[MATERIAL SHOWN]

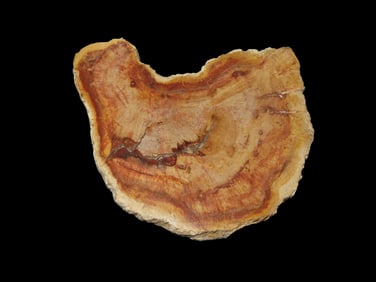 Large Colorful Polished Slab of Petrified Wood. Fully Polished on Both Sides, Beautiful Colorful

[/MATERIAL SHOWN]
[MATERIAL SHOWN]

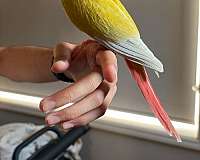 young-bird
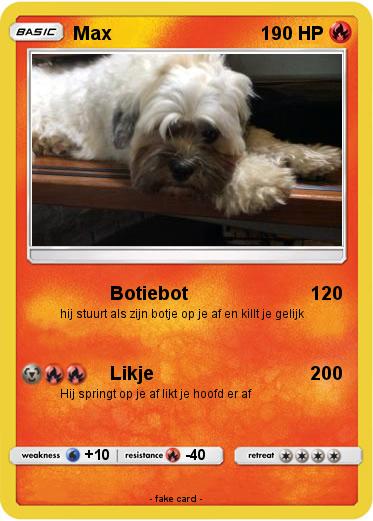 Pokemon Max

[/MATERIAL SHOWN]
[MATERIAL SHOWN]

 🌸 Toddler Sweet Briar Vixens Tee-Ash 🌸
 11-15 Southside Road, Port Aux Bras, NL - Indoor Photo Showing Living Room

[/MATERIAL SHOWN]

WORK TASK: Reproduce exactly the entries above, limited to the lines from the one with "Vixens Tee-Ash 🌸" through the one with "11-15 Southside Road, Port", both included.

SOLVED PROBLEM:
 🌸 Toddler Sweet Briar Vixens Tee-Ash 🌸
 11-15 Southside Road, Port Aux Bras, NL - Indoor Photo Showing Living Room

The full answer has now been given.